Work request. Where the data below contains pictures, omit them; output the rest word for word.

Data extract.
============
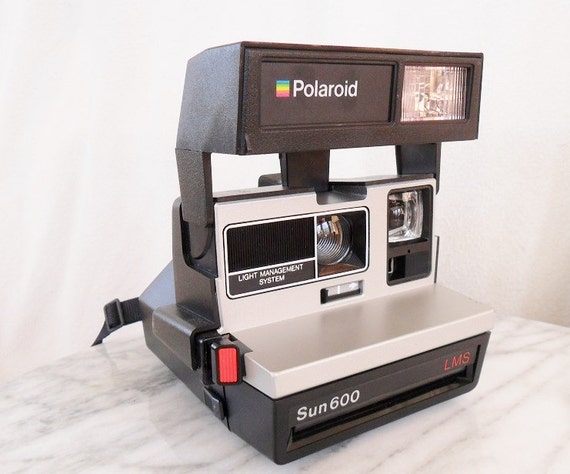 80s Polaroid Sun 600. Vintage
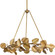 Laurel Collection Six-Light Gold Ombre Transitional Chandelier (149|P400359-204)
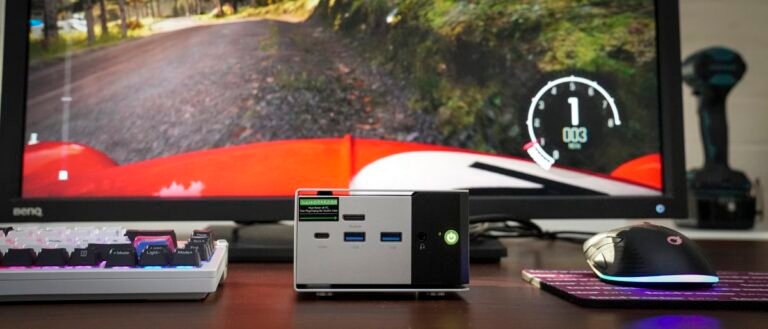 GMKtec NucBox M8 Review: The Compact Powerhouse for UK Offices with Serious Expansion Potential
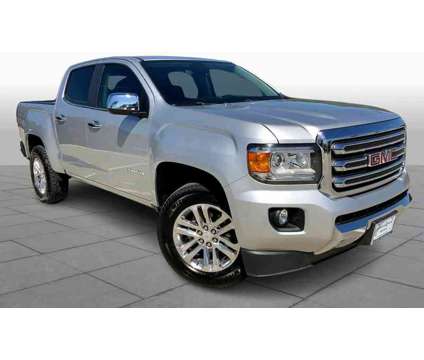 2018UsedGMCUsedCanyonUsedCrew Cab 128.3 is a Silver 2018 GMC Canyon Car for Sale in Kingwood TX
============
Solution to the problem.
 80s Polaroid Sun 600. Vintage
 Laurel Collection Six-Light Gold Ombre Transitional Chandelier (149|P400359-204)
 GMKtec NucBox M8 Review: The Compact Powerhouse for UK Offices with Serious Expansion Potential
 2018UsedGMCUsedCanyonUsedCrew Cab 128.3 is a Silver 2018 GMC Canyon Car for Sale in Kingwood TX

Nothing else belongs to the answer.